▶ **EXERCISE DETAILS**
With the pictures left aside, write out exactly the lines of the listing below from the line with "Bolivia Blue Quartzite" to the line with "Isaiah 41:10 Bracelet", both included, and only those.

TASK MATERIAL section start

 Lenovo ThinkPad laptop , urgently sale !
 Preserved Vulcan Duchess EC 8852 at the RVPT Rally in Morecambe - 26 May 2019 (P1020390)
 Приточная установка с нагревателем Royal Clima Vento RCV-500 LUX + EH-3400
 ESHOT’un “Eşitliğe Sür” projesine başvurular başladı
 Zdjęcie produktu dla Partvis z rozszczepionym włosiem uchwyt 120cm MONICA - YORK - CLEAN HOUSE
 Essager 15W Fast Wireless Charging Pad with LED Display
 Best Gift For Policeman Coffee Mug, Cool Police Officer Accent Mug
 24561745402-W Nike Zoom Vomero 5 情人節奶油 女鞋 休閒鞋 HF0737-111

TASK MATERIAL section end
TASK MATERIAL section start

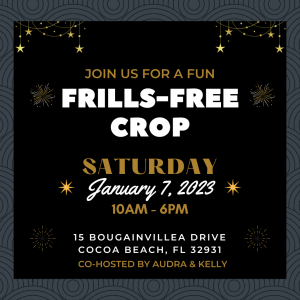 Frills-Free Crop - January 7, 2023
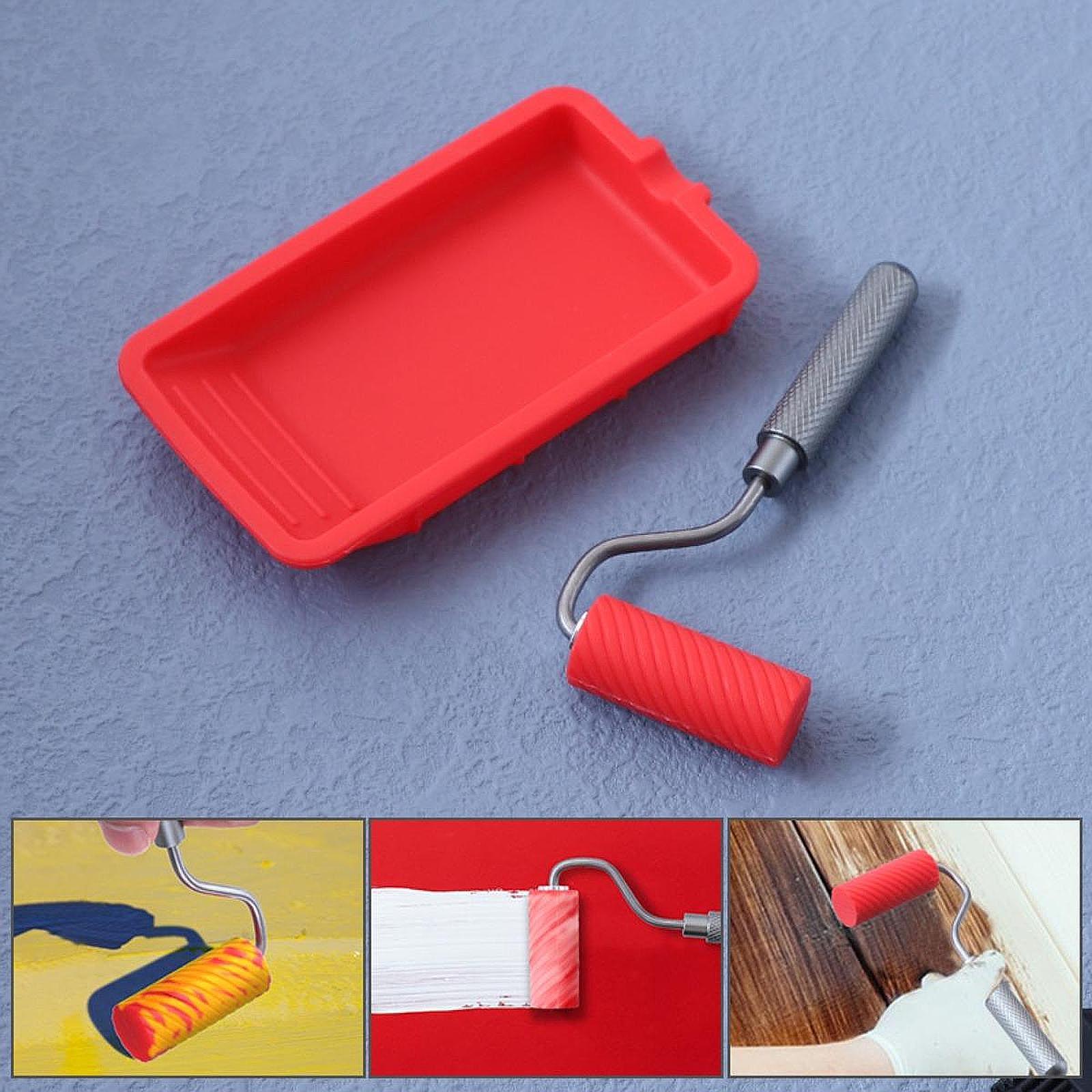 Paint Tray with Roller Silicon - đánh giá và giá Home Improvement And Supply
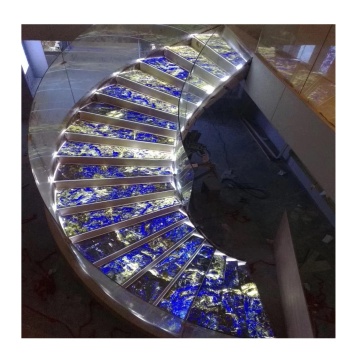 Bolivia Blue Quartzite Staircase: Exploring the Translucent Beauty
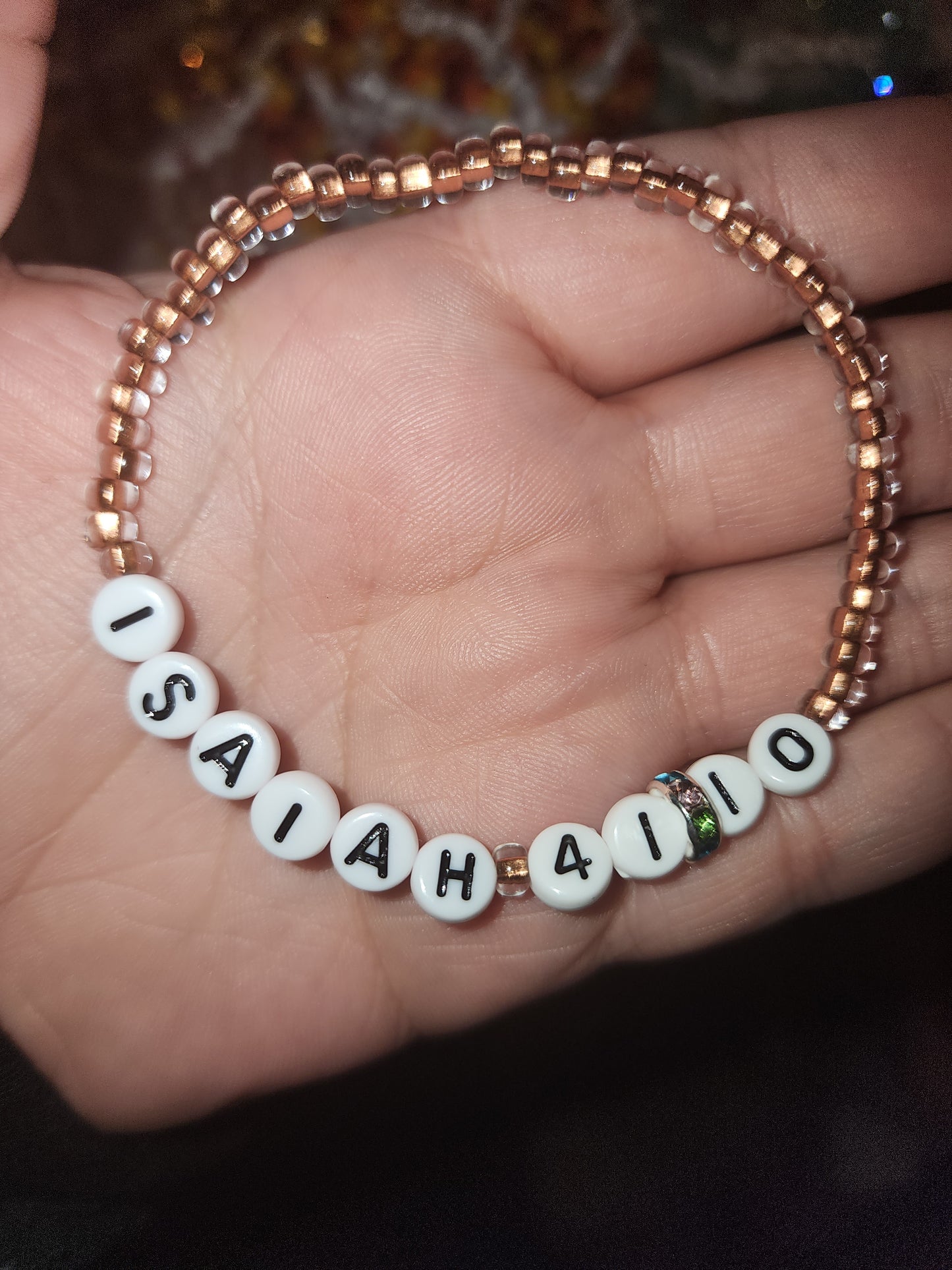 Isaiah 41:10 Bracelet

TASK MATERIAL section end

▶ **SOLUTION BELOW**
 Bolivia Blue Quartzite Staircase: Exploring the Translucent Beauty
 Isaiah 41:10 Bracelet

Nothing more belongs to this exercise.